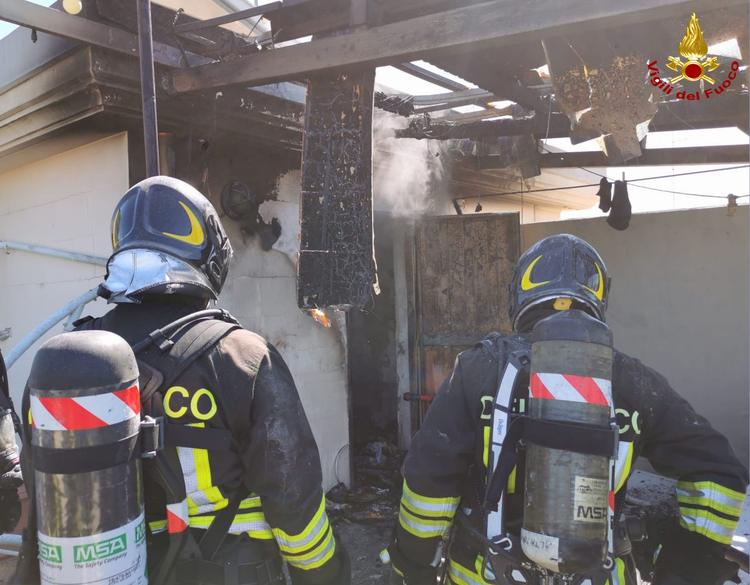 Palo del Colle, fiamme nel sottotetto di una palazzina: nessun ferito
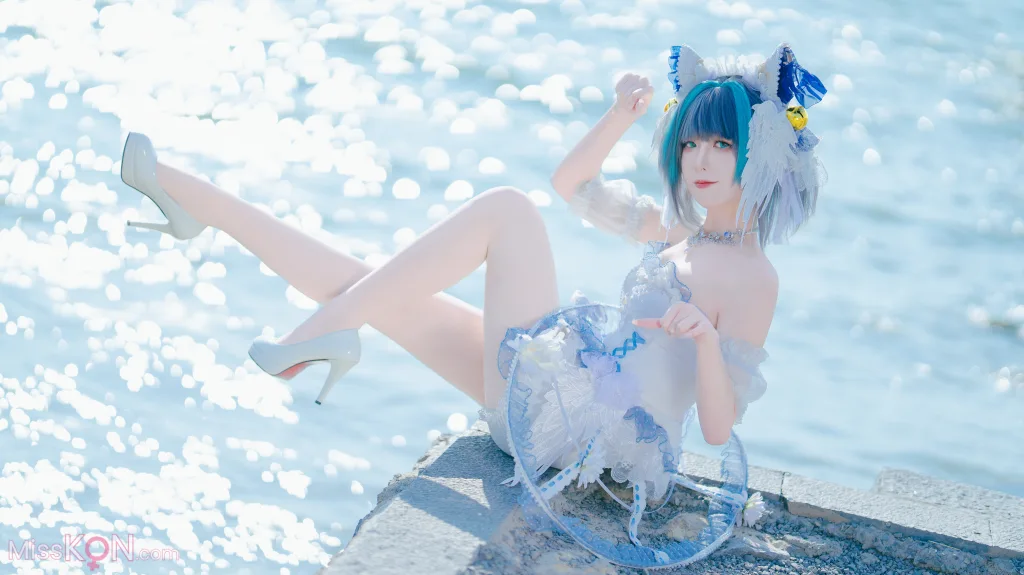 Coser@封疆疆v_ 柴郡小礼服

---

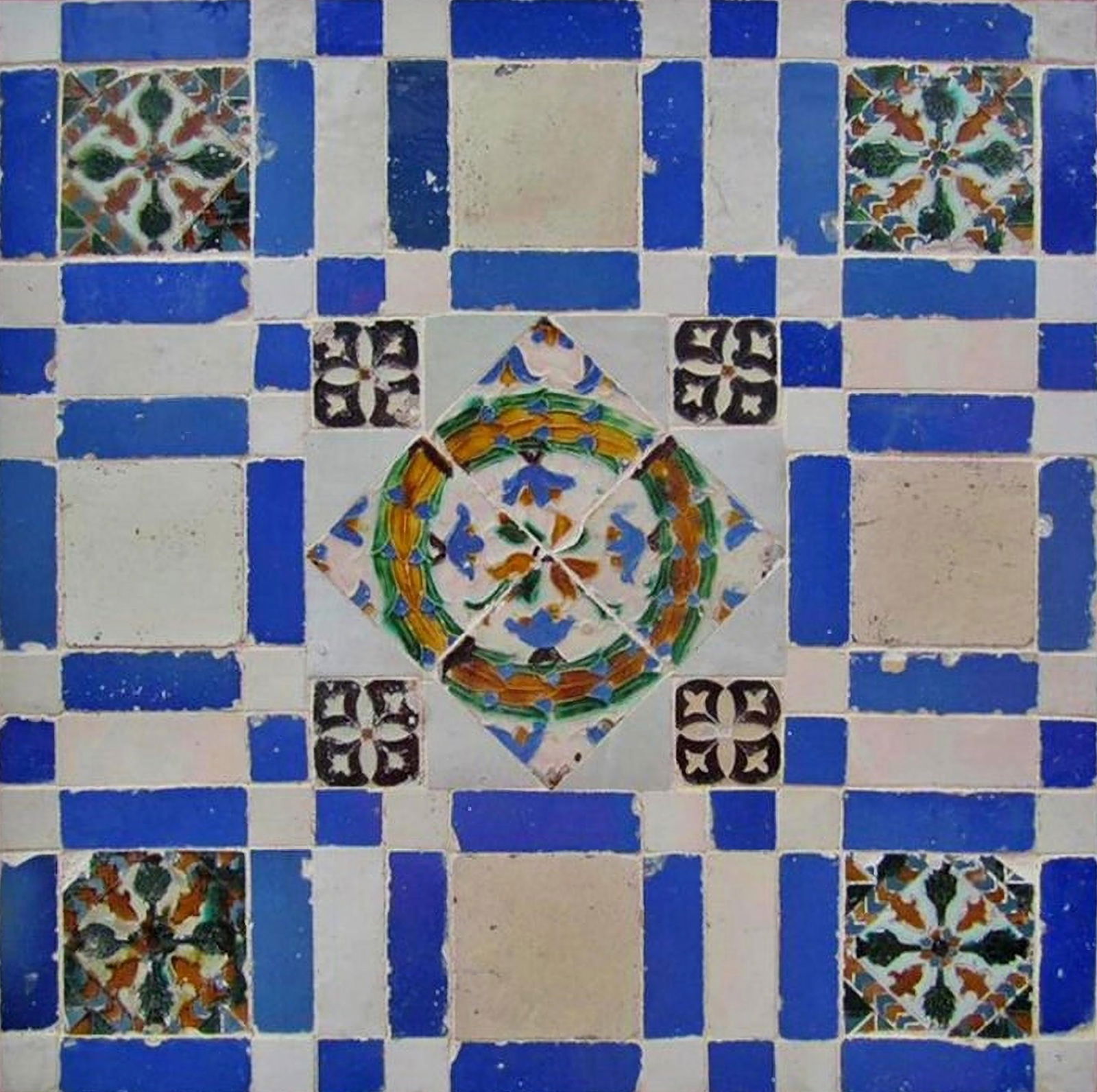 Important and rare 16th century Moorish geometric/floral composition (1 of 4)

• [Required action]: Skipping every picture, transcribe exactly the lines above from the one containing "Palo del Colle, fiamme" through the one containing "Coser@封疆疆v_ 柴郡小礼服", both included.

• [Written response]:
 Palo del Colle, fiamme nel sottotetto di una palazzina: nessun ferito
 Coser@封疆疆v_ 柴郡小礼服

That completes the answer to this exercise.